**ABOUT THIS EXERCISE**. Only the lines from the top of the listing below through the line containing "And of course, all" should be output, exactly and with no pictures.

**DATA BLOCK**.
☆ ☆ ☆ ☆ ☆ ☆ ☆
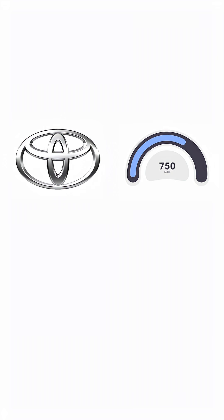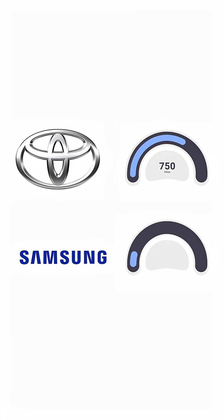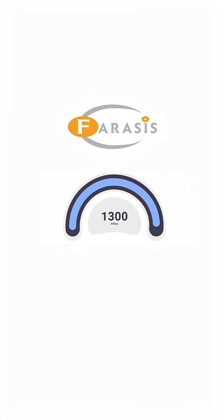Toyota targets 750-mile range by 2027. Samsung promises 600-mile range with 20 years of lifespan. But Chinese companies like Farasis just started pilot production, aiming for about 1,300-mile range by this year. The catch?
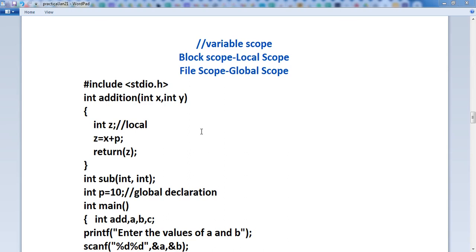Hello everyone! In this part we will learn variable scope. Variable scope means what? A scope in any programming is a region — it is a part of the program where a defined variable can have its existence, and beyond that region the variable cannot be accessed. That is the variable scope.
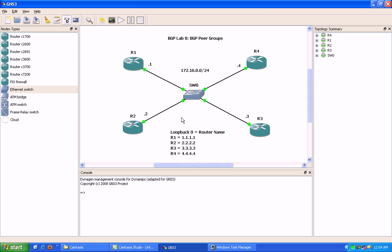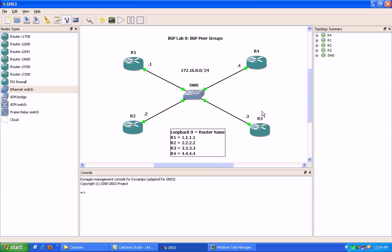And of course, all these routers are going to have loopback 0 interfaces. Router 1 is 1.1.1.1, and so on. And what we're going to be doing here is an internal BGP implementation of BGP peer groups.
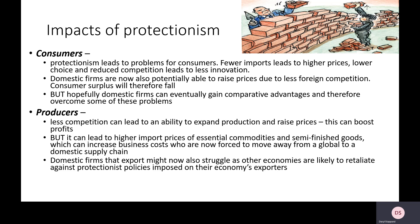Reducing competition also means firms feel they can raise prices since they're no longer competing with foreign firms, which reduces consumer surplus in markets. There is a potential benefit though: if we're protecting domestic industries that could become competitive and efficient with that protectionism, those firms now have room to grow, develop advantages in production, and give consumers access to domestically produced goods. If protection protects jobs, it protects wages, allowing people to remain consumers — but generally, protectionism is bad for consumers.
☆ ☆ ☆ ☆ ☆ ☆ ☆
**RESULT FOR THIS TASK**.
Toyota targets 750-mile range by 2027. Samsung promises 600-mile range with 20 years of lifespan. But Chinese companies like Farasis just started pilot production, aiming for about 1,300-mile range by this year. The catch?
Hello everyone! In this part we will learn variable scope. Variable scope means what? A scope in any programming is a region — it is a part of the program where a defined variable can have its existence, and beyond that region the variable cannot be accessed. That is the variable scope.
And of course, all these routers are going to have loopback 0 interfaces. Router 1 is 1.1.1.1, and so on. And what we're going to be doing here is an internal BGP implementation of BGP peer groups.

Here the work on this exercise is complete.